# TASK GOAL
Repeat the whole listing below precisely. Omit all pictures.

--------------------------------

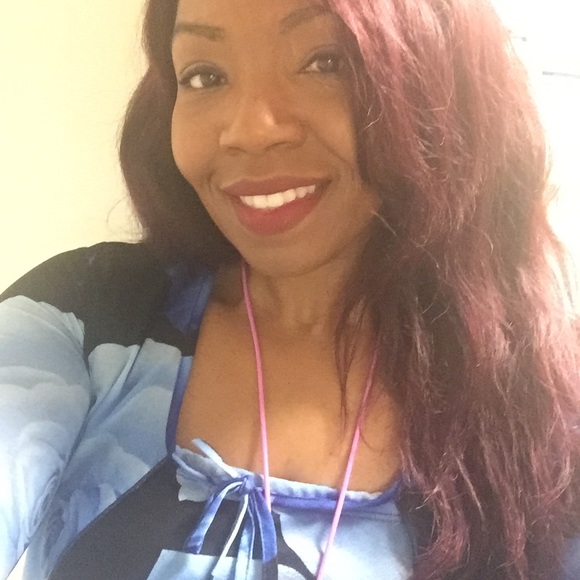 Meet Your Posher Gina!! - Picture 5 of 5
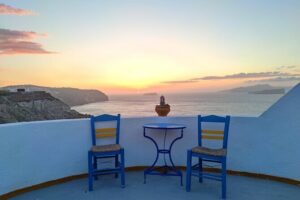 Santorini Must-See Highlights: Private Shore Tour - Where you’ll start: the cable car meeting point and how pickup works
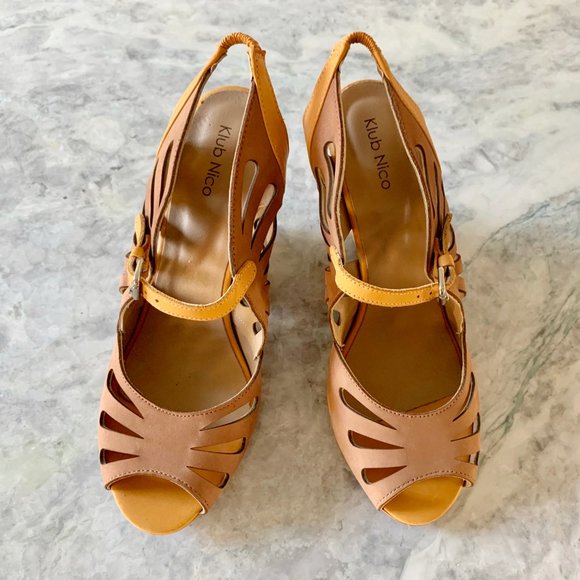 ❌Sold❌ Anthropologie Kiva Leather Cutout Wedges - Picture 7 of 13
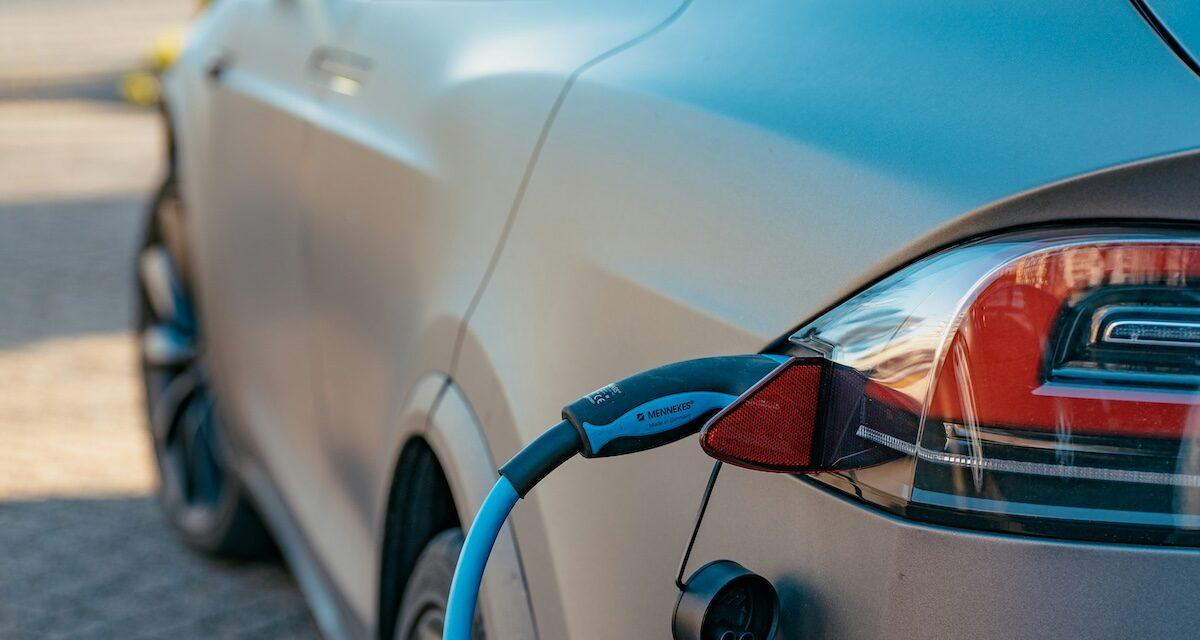 Une facturation incroyable : il doit payer 277 dollars supplémentaires pour du carburant... alors qu'il a loué une Tesla !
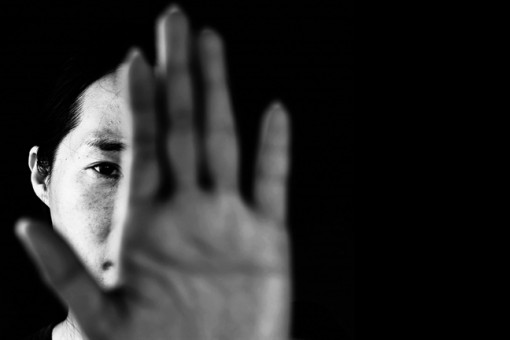 Làm sao có thể giấu người yêu quá khứ đã từng kết hôn và có con?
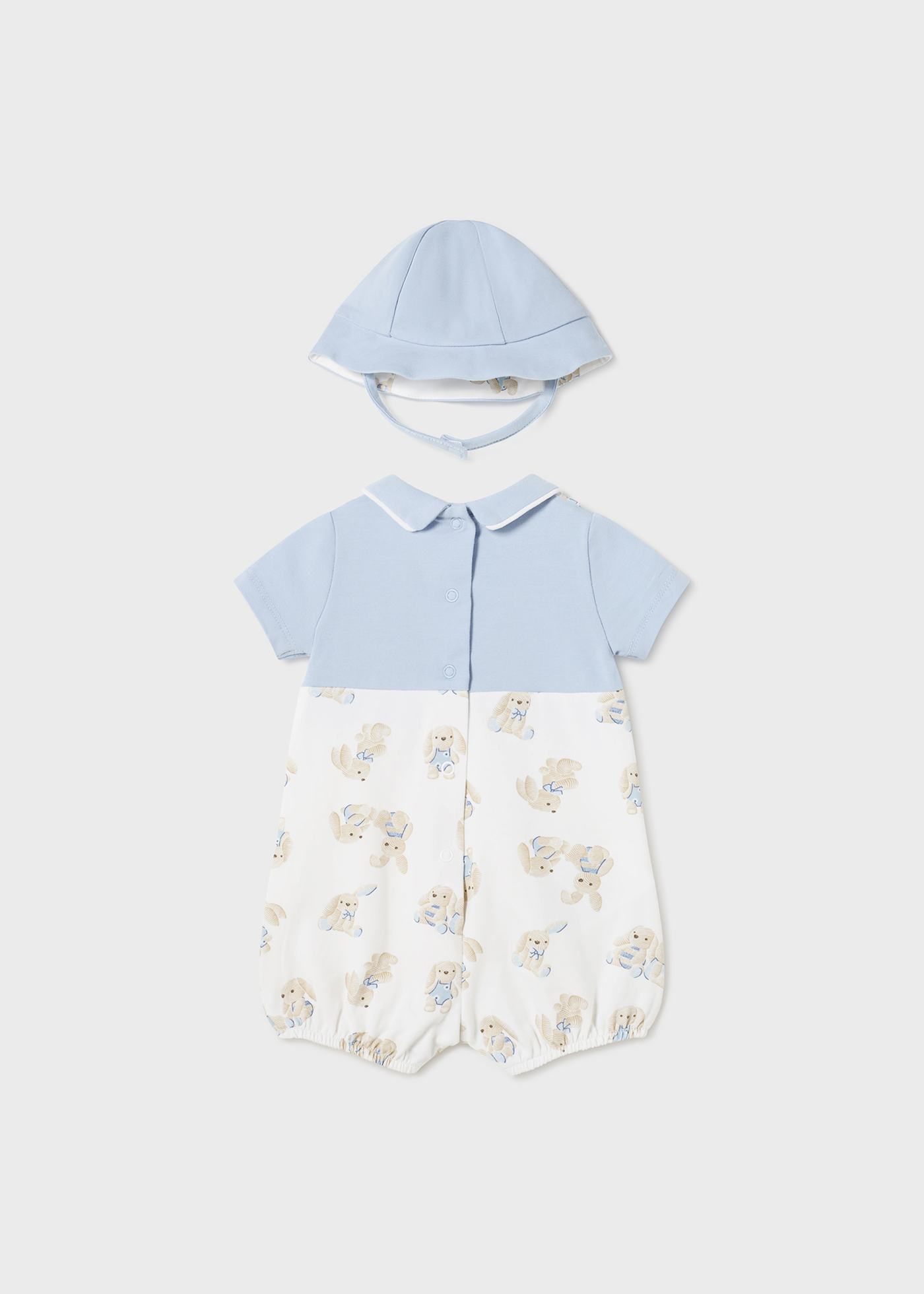 Macacão Better Cotton para recém-nascido com estampa de eucalipto e gorro.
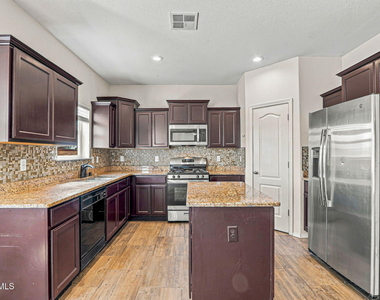 14760 Boer Trail Avenue - Photo Thumbnail 8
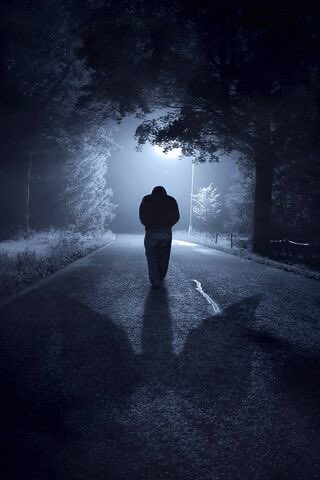 Iiii11i11's tweet photo. أشتاق إلى صديقٍ لا أضطر معه لشرح نفسي 
إلى شخصٍ أقول له: “أنا متعب”
فيفهم حجم ما خلف هذه الكلمة ! 
لا أن يمرّ عليها كأنها جملة عابرة.
أحيانًا أشعر أنني أمشي داخل حياتي كضيف
أراقب الأيام وهي تمضي دون أن ألمسها حقًا.
وكأن روحي تقف بعيدًا عني .. 
تتأملني بصمت ..
كأمٍّ ترى ابنها يضيع أمامها ولا تعرف كيف تناديه.

أعود إلى نفسي كثيرًا .. 
أفتّش في داخلي عن ذلك الشخص الذي كان يمتلئ بالحماس لأبسط الأشياء .. 
الذي كان يفرح بسرعة .. 
ويحلم دون هذا القدر من الحذر والتعب.
لكنني كلما اقتربت منه،
وجدته أبعد مما توقعت.

صرت أخاف من الأسئلة الطويلة
لأنني لا أملك إجابات حقيقية.
وأخاف من المجالس المزدحمة
لأن الضحكات الكثيرة تجعل وحدتي أكثر وضوحًا.

هناك فراغٌ لا يراه أحد 
فراغ يشبه بيتًا قديمًا غادره أهله على عجل
وبقيت فيه الأبواب نصف مفتوحة،
والغبار يعلو الأشياء التي كانت يومًا مليئة بالحياة.

أحيانًا أتمنى لو أن أحدهم ينتبه
لا إلى كلماتي
بل إلى ذلك التعب المختبئ بين السطور
إلى صوتي حين ينخفض فجأة
إلى صمتي الطويل الذي يبدو عاديًا للجميع
بينما هو في داخلي صرخة كاملة.

لقد تعبت من التظاهر بأنني بخير
ومن ارتداء القوة كل يوم،
كأن الإنسان مطالب دائمًا أن يبدو صلبًا
حتى وهو ينهار بصمت.

ومع هذا كله…
ما زال في داخلي شيء صغير يقاوم،
شيء يشبه شمعةً متعبة في آخر الليل،
ترتعش كثيرًا،
لكنها ترفض أن تنطفئ.

#عبدالرحمن
 #الهلال_الخلود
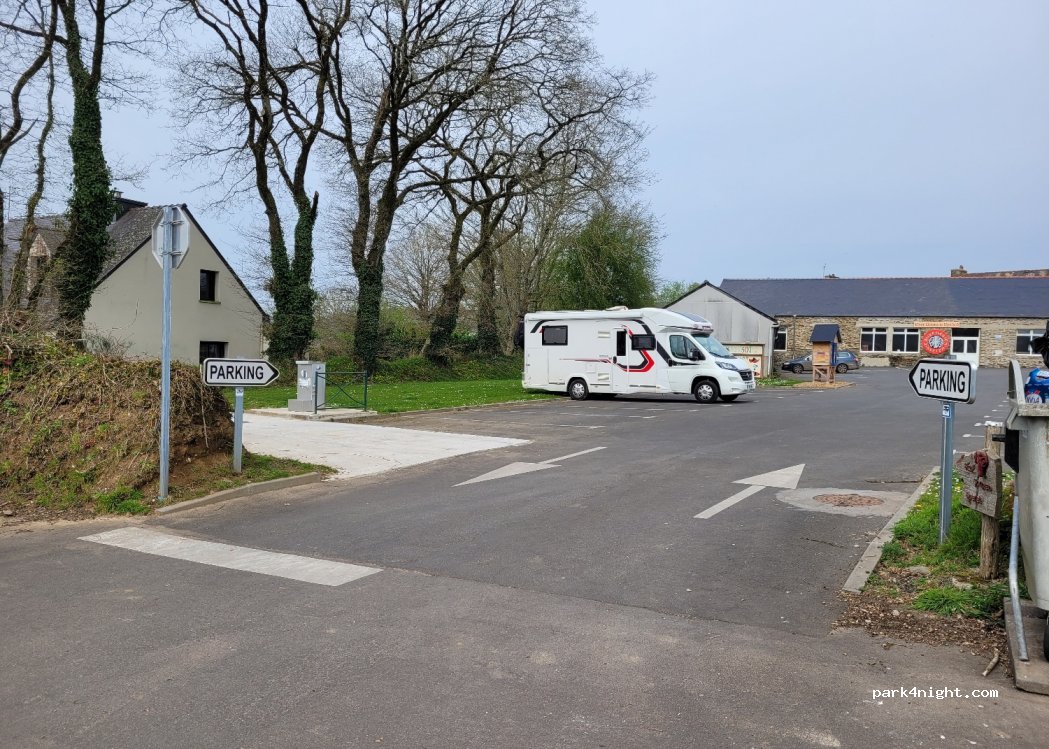 Aire de services pour camping-cars Spezet — foto 2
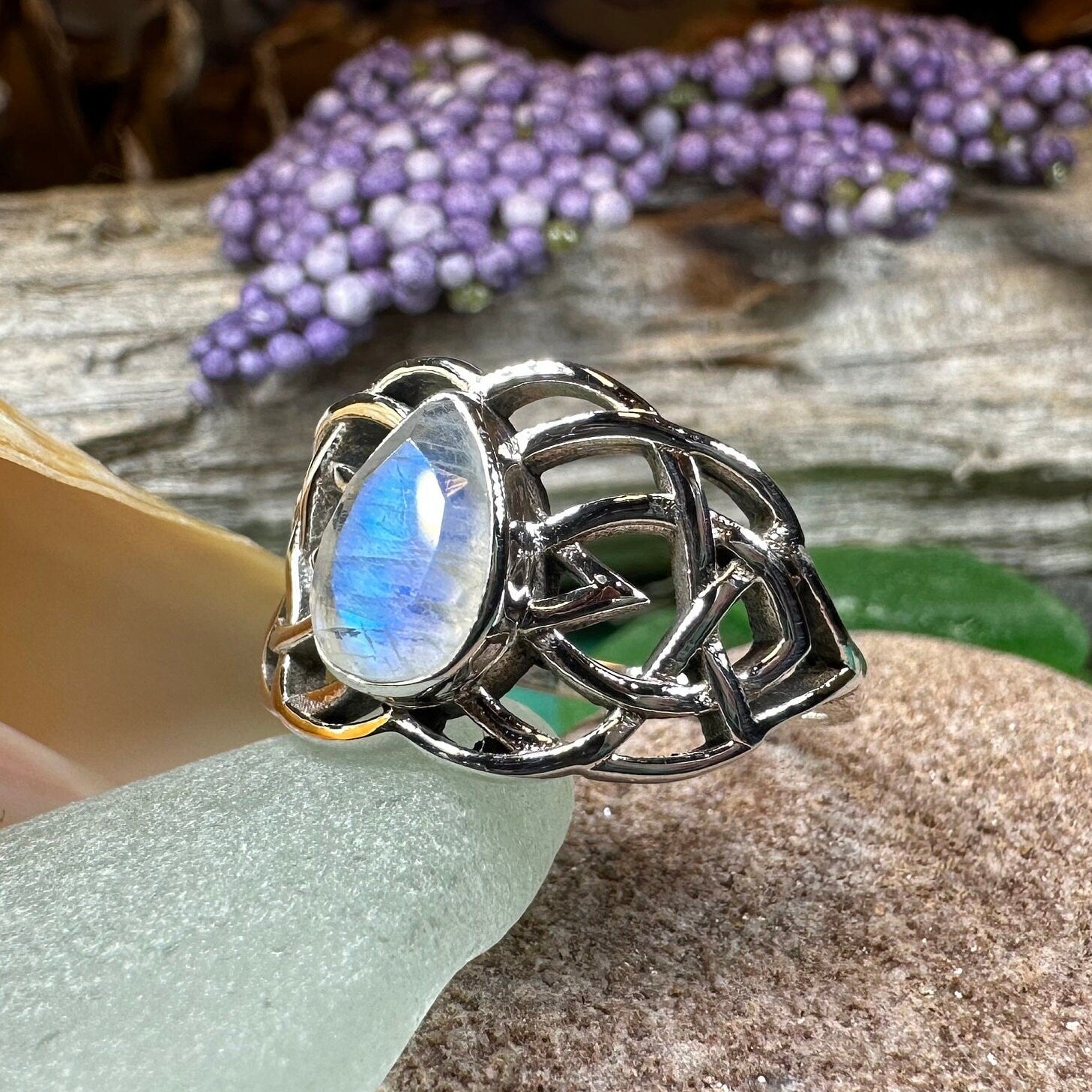 Vanaheim Celtic Knot Ring in Sterling Silver — view 8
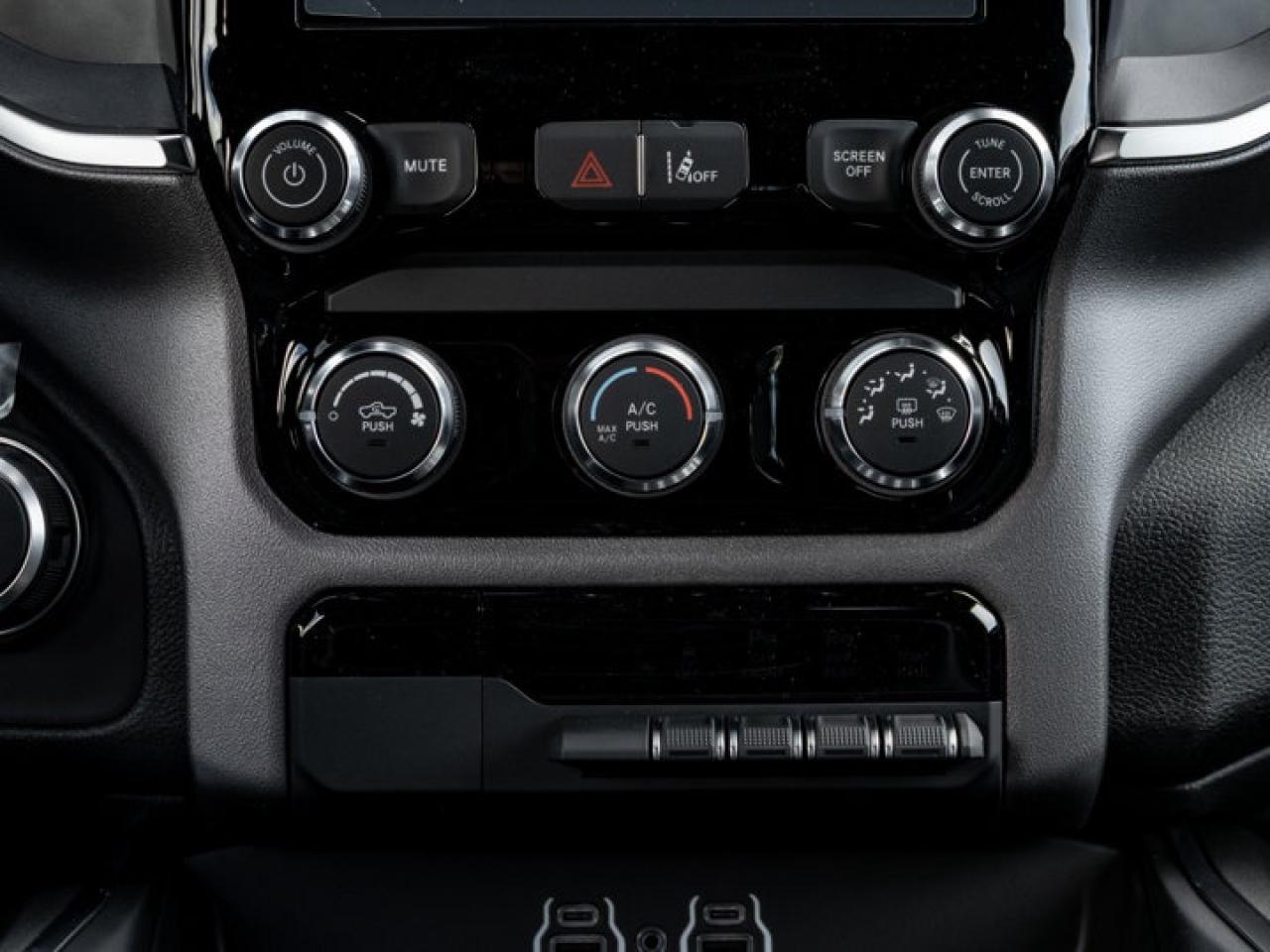 2026 RAM 1500 Express Photo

--------------------------------

# RESULT FOR THIS TASK
 Meet Your Posher Gina!! - Picture 5 of 5
 Santorini Must-See Highlights: Private Shore Tour - Where you’ll start: the cable car meeting point and how pickup works
 ❌Sold❌ Anthropologie Kiva Leather Cutout Wedges - Picture 7 of 13
 Une facturation incroyable : il doit payer 277 dollars supplémentaires pour du carburant... alors qu'il a loué une Tesla !
 Làm sao có thể giấu người yêu quá khứ đã từng kết hôn và có con?
 Macacão Better Cotton para recém-nascido com estampa de eucalipto e gorro.
 14760 Boer Trail Avenue - Photo Thumbnail 8
 Iiii11i11's tweet photo. أشتاق إلى صديقٍ لا أضطر معه لشرح نفسي 
إلى شخصٍ أقول له: “أنا متعب”
فيفهم حجم ما خلف هذه الكلمة ! 
لا أن يمرّ عليها كأنها جملة عابرة.
أحيانًا أشعر أنني أمشي داخل حياتي كضيف
أراقب الأيام وهي تمضي دون أن ألمسها حقًا.
وكأن روحي تقف بعيدًا عني .. 
تتأملني بصمت ..
كأمٍّ ترى ابنها يضيع أمامها ولا تعرف كيف تناديه.

أعود إلى نفسي كثيرًا .. 
أفتّش في داخلي عن ذلك الشخص الذي كان يمتلئ بالحماس لأبسط الأشياء .. 
الذي كان يفرح بسرعة .. 
ويحلم دون هذا القدر من الحذر والتعب.
لكنني كلما اقتربت منه،
وجدته أبعد مما توقعت.

صرت أخاف من الأسئلة الطويلة
لأنني لا أملك إجابات حقيقية.
وأخاف من المجالس المزدحمة
لأن الضحكات الكثيرة تجعل وحدتي أكثر وضوحًا.

هناك فراغٌ لا يراه أحد 
فراغ يشبه بيتًا قديمًا غادره أهله على عجل
وبقيت فيه الأبواب نصف مفتوحة،
والغبار يعلو الأشياء التي كانت يومًا مليئة بالحياة.

أحيانًا أتمنى لو أن أحدهم ينتبه
لا إلى كلماتي
بل إلى ذلك التعب المختبئ بين السطور
إلى صوتي حين ينخفض فجأة
إلى صمتي الطويل الذي يبدو عاديًا للجميع
بينما هو في داخلي صرخة كاملة.

لقد تعبت من التظاهر بأنني بخير
ومن ارتداء القوة كل يوم،
كأن الإنسان مطالب دائمًا أن يبدو صلبًا
حتى وهو ينهار بصمت.

ومع هذا كله…
ما زال في داخلي شيء صغير يقاوم،
شيء يشبه شمعةً متعبة في آخر الليل،
ترتعش كثيرًا،
لكنها ترفض أن تنطفئ.

#عبدالرحمن
 #الهلال_الخلود
 Aire de services pour camping-cars Spezet — foto 2
 Vanaheim Celtic Knot Ring in Sterling Silver — view 8
 2026 RAM 1500 Express Photo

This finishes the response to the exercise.